Action item: For the listing below, return the line containing "wooden terrace featuring covered porch", the line containing "The Blue Ghost", and all lines in between, exactly as written and nothing else.
════
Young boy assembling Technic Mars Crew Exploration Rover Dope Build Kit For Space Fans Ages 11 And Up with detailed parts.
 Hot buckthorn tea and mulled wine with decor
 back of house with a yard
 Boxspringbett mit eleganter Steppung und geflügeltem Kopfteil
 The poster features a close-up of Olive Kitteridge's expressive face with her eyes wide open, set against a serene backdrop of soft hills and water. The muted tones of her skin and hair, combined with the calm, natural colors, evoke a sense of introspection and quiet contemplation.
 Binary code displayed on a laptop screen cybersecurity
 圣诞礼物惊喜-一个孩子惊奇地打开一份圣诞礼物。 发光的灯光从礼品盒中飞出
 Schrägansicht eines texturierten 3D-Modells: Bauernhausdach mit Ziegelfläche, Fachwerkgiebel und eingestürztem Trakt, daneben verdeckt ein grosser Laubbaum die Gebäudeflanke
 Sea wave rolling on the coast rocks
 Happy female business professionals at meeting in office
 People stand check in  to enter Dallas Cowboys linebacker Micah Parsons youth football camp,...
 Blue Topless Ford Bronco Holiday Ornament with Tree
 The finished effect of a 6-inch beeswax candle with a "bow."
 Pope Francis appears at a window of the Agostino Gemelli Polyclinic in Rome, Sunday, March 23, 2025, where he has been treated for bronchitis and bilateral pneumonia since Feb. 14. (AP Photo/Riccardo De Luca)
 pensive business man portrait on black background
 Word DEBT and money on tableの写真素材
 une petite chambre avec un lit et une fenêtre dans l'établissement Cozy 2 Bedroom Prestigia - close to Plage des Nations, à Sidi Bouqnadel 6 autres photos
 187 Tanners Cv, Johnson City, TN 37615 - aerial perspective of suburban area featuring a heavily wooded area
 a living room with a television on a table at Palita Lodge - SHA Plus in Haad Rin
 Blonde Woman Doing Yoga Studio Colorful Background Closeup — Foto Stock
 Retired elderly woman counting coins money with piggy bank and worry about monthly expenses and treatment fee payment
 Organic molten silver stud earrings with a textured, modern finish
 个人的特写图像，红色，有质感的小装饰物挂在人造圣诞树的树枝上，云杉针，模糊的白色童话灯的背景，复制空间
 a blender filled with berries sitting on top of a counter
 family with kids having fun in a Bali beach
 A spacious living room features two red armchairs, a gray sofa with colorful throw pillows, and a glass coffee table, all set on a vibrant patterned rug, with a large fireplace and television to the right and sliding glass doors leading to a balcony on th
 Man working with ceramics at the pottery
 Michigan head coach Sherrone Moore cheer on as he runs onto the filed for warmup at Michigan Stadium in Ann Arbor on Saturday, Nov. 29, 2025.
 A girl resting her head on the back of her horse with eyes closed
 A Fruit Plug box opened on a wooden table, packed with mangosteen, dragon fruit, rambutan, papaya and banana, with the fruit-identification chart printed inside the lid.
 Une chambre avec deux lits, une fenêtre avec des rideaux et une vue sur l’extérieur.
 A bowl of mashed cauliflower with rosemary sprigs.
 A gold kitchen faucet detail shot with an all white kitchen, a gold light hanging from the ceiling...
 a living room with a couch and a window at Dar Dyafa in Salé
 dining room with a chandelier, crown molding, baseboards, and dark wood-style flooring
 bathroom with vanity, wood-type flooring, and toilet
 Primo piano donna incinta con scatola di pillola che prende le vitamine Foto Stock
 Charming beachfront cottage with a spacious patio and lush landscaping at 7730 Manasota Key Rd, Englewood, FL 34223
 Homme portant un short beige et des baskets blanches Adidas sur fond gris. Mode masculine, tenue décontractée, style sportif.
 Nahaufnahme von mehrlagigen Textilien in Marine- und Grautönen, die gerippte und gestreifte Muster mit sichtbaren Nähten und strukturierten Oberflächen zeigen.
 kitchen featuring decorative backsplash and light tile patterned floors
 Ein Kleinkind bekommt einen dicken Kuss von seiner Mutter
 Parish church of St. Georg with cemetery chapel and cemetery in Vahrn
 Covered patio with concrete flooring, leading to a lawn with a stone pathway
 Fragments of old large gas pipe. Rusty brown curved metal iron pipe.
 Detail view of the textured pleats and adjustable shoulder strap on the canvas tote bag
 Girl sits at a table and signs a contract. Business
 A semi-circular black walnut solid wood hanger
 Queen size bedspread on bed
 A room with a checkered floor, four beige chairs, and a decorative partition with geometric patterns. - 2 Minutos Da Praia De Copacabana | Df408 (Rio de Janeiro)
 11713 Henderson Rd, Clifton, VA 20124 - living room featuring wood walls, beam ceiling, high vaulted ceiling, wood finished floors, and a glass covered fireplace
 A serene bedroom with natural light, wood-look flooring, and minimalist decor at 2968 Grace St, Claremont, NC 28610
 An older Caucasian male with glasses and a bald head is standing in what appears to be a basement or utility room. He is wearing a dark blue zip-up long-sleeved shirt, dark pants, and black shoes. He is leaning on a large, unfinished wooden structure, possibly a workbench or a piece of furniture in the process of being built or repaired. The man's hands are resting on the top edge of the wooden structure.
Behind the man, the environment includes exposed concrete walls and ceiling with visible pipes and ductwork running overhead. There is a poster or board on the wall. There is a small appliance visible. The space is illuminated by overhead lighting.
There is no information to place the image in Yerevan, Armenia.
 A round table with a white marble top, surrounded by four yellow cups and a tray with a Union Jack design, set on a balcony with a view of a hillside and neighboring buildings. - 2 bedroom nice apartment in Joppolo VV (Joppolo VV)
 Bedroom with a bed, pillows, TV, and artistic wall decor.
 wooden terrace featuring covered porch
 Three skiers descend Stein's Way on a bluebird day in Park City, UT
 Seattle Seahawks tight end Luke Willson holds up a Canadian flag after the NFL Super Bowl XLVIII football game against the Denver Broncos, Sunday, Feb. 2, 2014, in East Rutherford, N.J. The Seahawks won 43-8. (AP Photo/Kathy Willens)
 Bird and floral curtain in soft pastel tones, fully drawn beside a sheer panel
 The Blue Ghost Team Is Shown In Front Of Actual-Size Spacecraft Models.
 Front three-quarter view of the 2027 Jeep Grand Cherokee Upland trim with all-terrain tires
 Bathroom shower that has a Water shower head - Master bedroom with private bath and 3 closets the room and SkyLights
════
Output for this exercise:
 wooden terrace featuring covered porch
 Three skiers descend Stein's Way on a bluebird day in Park City, UT
 Seattle Seahawks tight end Luke Willson holds up a Canadian flag after the NFL Super Bowl XLVIII football game against the Denver Broncos, Sunday, Feb. 2, 2014, in East Rutherford, N.J. The Seahawks won 43-8. (AP Photo/Kathy Willens)
 Bird and floral curtain in soft pastel tones, fully drawn beside a sheer panel
 The Blue Ghost Team Is Shown In Front Of Actual-Size Spacecraft Models.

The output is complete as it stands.